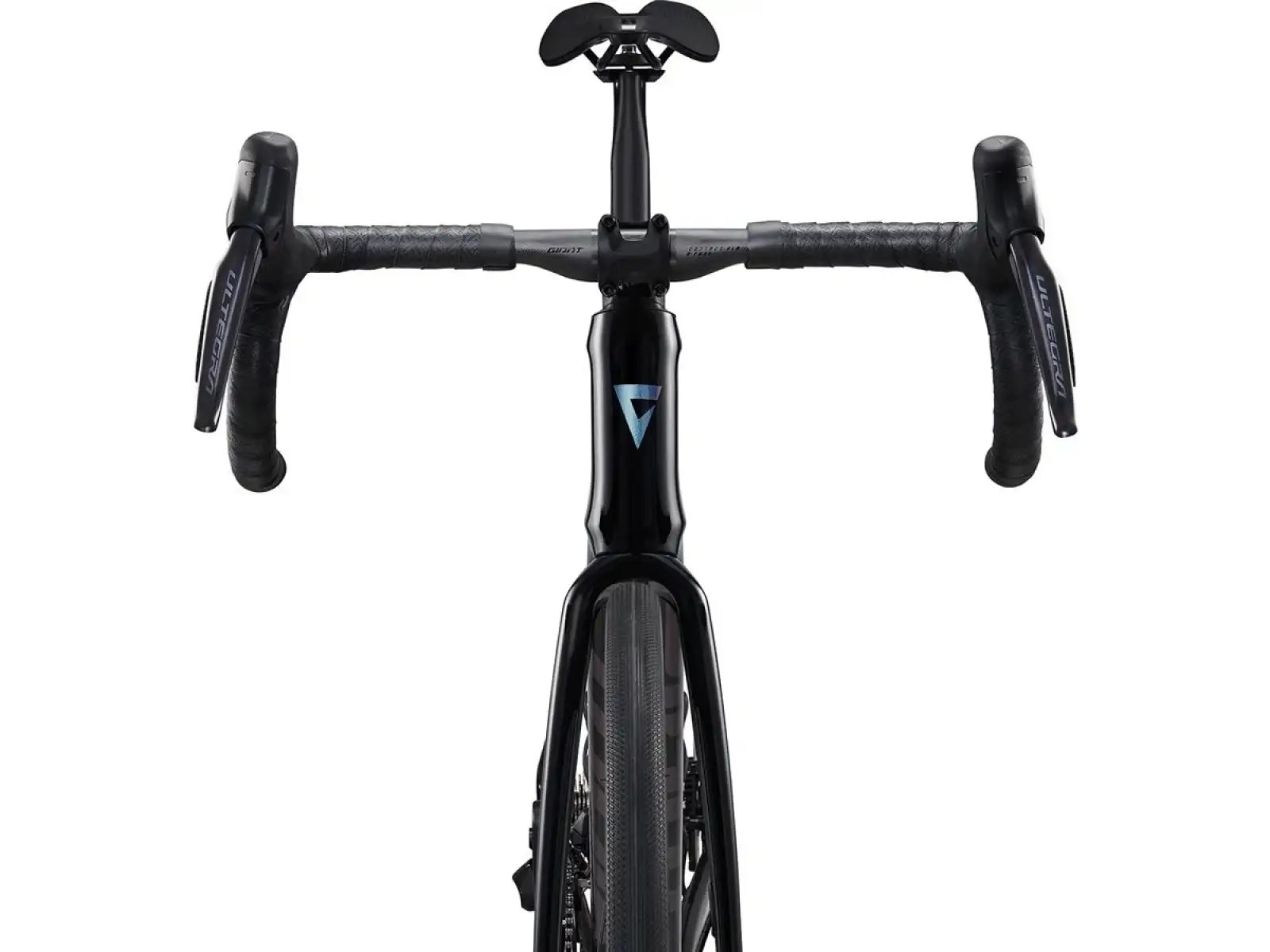 Giant Defy Advanced Pro 0 silniční kolo carbon/bluedragonfly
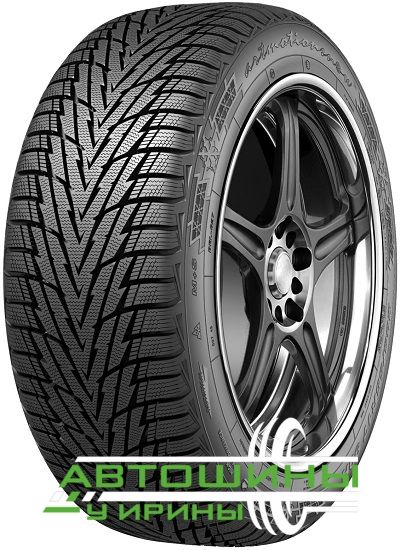 Belshina Artmotion Snow HP Bel-464 Шины  зимние 215/60  R17 96H Нешипованные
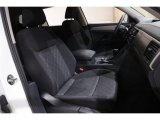 2019 Volkswagen Atlas S 4Motion Front Seat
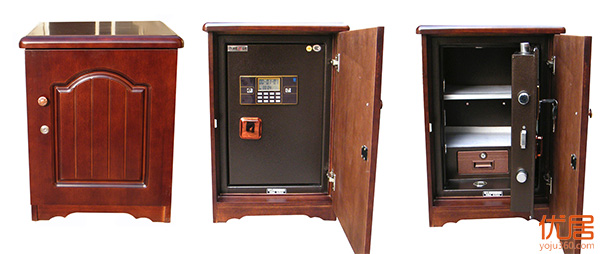 家用保险箱放在哪里最合适,家用保险箱放在哪里比较好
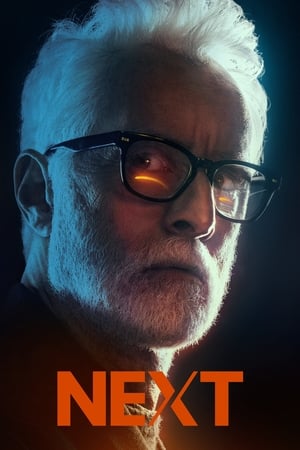 Póster de la serie NEXT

=======

◆ **REQUIREMENT**
Copy exactly the lines from the line that has "家用保险箱放在哪里最合适,家用保险箱放在哪里比较好" through the last line of the entries above, inclusive, and no others. Pictures do not go in the copy.

◆ **RESPONSE FOR THIS EXERCISE**
 家用保险箱放在哪里最合适,家用保险箱放在哪里比较好
 Póster de la serie NEXT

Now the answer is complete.